No challan got generated in the system for which after a couple of days Appellant tried to ascertain the reason and observed that Bill of Entry got purged before payment of duty through IGST. Accordingly, Appellant requested to the concerned Deputy Commissioner of Customs to retrieve the Bill of Entry but Department informed them in writing that such retrieval is not possible from the system.
Appellant was also informed that a fresh Bill of Entry was required to be filed and accordingly it did the same on 02.12.2019 but the same resulted in imposition of late fee. Appellant requested through several letters for waiver of late fee charges but received back reply from the Assistant Commissioner to the effect that their request was rejected as the late fee was leviable u/s. 46(3) of the Customs Act, 1962 for filing Bill of Entry after the specified period and there would be no waiver of late fee.

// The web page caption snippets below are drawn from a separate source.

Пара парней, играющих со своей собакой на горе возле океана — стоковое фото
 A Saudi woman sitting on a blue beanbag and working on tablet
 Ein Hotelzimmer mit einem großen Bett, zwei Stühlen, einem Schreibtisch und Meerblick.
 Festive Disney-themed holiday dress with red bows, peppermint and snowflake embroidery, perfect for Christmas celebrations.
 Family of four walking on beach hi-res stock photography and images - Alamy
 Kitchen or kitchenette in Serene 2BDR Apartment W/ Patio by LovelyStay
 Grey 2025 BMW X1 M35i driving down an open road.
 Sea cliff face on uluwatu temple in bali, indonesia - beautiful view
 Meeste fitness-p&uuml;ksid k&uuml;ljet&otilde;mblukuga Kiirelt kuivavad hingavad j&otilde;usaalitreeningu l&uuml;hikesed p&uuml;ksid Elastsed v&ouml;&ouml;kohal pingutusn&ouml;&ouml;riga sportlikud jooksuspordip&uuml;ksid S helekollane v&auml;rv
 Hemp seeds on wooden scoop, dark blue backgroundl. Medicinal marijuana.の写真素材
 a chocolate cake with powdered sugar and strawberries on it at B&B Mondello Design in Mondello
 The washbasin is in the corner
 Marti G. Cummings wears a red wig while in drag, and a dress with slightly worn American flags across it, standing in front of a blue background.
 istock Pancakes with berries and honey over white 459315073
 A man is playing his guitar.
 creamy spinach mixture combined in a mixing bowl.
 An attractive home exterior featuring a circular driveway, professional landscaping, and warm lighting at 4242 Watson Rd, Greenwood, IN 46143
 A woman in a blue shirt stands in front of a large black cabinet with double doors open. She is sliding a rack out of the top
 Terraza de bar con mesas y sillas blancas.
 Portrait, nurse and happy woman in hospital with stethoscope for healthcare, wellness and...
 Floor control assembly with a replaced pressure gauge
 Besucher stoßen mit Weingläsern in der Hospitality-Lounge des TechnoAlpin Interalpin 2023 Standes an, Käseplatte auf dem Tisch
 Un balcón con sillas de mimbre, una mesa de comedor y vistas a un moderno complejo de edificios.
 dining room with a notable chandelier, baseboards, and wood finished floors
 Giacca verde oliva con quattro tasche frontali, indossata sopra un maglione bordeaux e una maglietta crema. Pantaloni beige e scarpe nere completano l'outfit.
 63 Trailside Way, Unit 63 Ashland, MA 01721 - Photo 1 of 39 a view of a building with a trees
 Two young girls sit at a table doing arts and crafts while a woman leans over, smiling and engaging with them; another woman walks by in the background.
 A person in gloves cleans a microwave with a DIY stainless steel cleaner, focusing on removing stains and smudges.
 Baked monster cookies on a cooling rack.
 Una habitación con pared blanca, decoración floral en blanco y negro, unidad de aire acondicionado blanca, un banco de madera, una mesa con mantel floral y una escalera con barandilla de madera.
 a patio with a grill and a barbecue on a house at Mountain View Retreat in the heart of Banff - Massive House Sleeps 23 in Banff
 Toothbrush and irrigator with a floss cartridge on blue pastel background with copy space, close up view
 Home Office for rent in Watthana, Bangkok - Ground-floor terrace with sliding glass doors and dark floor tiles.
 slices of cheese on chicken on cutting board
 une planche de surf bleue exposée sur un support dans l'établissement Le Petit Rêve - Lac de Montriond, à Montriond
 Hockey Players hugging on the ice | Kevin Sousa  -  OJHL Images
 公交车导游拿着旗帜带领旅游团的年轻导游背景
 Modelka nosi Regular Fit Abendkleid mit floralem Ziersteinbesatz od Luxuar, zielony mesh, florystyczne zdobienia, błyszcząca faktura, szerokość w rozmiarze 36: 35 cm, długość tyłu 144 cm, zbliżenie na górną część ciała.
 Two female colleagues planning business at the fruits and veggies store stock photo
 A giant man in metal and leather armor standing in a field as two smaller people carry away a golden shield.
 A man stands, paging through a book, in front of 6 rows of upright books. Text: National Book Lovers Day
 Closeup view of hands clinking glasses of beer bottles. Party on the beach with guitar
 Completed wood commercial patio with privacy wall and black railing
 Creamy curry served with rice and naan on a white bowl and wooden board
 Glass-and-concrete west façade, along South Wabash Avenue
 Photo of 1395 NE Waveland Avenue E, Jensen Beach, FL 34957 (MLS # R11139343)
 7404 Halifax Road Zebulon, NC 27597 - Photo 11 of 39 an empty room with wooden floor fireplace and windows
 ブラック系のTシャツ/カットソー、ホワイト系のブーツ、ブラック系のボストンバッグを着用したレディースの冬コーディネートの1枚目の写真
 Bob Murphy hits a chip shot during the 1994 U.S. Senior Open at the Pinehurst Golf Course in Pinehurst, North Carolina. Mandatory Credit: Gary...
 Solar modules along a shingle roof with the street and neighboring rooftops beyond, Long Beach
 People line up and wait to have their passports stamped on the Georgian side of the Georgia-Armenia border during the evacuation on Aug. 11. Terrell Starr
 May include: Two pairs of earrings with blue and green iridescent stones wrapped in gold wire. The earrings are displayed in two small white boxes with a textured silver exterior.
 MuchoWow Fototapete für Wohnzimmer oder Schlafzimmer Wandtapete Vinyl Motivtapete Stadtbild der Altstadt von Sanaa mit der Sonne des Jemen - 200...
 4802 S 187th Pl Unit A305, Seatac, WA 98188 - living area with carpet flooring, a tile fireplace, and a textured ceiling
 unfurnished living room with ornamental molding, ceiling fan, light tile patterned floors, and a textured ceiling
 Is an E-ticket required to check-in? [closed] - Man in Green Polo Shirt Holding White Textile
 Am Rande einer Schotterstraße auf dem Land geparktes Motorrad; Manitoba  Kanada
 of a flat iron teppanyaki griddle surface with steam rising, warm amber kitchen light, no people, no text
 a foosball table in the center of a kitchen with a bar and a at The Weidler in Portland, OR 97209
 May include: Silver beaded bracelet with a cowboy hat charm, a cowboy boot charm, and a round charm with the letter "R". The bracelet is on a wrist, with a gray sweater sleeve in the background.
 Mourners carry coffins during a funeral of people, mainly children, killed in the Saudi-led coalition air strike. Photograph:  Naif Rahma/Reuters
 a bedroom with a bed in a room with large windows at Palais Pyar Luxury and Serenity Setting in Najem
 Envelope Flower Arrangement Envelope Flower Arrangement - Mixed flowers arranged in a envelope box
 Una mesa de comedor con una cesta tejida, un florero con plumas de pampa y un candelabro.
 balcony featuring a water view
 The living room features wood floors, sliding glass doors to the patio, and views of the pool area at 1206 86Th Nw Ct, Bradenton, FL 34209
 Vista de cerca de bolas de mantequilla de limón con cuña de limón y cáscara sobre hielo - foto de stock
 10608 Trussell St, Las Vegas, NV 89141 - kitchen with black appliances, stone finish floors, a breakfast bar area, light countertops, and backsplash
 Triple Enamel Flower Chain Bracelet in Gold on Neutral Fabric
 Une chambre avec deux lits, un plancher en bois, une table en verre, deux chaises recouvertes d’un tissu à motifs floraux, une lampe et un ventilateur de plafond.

Being aggrieved, an appeal before the Commissioner of Customs (Appeals) was filed, who also refused relief to the Appellant. Hence the appeal.
Conclusion- This is a fit case where the second respondent ought to have exercised the discretion judiciously by granting waiver as this is a case where petitioner had not filed a fresh Bill of Entry for the first time but has filed a new Bill of Entry as the old Bill of Entry got purged and was erased in the ICEGATE. The provisions of the Customs Act and the Bill of Entry (Electronic Integrated Declaration and Paperless Processing) Regulations, 2018 does not contemplate purging of the Bill of Entry. In fact, the expression purging is neither found in the Act nor in the aforesaid Regulation. Therefore, question of imposing late fee charges merely because an importer files a second Bill of Entry on account of the factors mentioned above would not justify the levy of late fee charges on the petitioner.
FULL TEXT OF THE CESTAT MUMBAI ORDER
Imposition of late fee of Rs.2,26,437/-, i.e. equivalent to duty of the imported goods, under Section 46(3) of the Customs Act, 1962 for filing of Bill of Entry after the stipulated time and its confirmation by the Commissioner of Customs (Appeals), Mumbai-II, JNCH, Nhava Sheva on 27.05.2022 vide above referred order is assailed in this appeal.
2. Facts of the case, in brief, is that imported goods namely Remote Control for TV Brand Onida arrived at Nhava Sheva under IGM No. 2235149 on dated 24.09.2019. Bill of Entry No. 5051519 was filed on the next day i.e. on 25.09.2019 through ICEGATE System maintained by the Respondent-Department and required fee in the form of BCD and SWS of Rs.66,846/- was debited through MEIS scrip. No challan got generated in the system for which after a couple of days Appellant tried to ascertain the reason and observed that Bill of Entry got purged before payment of duty through IGST. Accordingly, Appellant requested vide its letter dated 07.11.20 19 and 22.11.20 19 to the concerned Deputy Commissioner of Customs, Gr.- V, NS-V, JNCH, Nhava Sheva, Mumbai-II to retrieve the Bill of Entry but Department informed them in writing that such retrieval is not possible from the system. Appellant was also informed that a fresh Bill of Entry was required to be filed and accordingly it did the same on 02.12.2019 but the same resulted in imposition of late fee. Appellant requested through several letters between 03.12.2019 and 12.02.2020 for waiver of late fee charges but received back reply from the Assistant Commissioner, Group- VA, NS-V, JNCH vide his letter dated 27.12.2019 to the effect that their request was rejected as the late fee was liveable under Section 46(3) of the Customs Act, 1962 for filing Bill of Entry after the specified period and there would be no waiver of late fee. Being aggrieved by such a decision, Appellant filed an appeal before the Commissioner of Customs (Appeals), Mumbai-II, JNCH, Nhava Sheva who also refused relief to the Appellant and denied to interfere in the order communicated vide the impugned letter dated 27.12.20 19. Hence the appeal.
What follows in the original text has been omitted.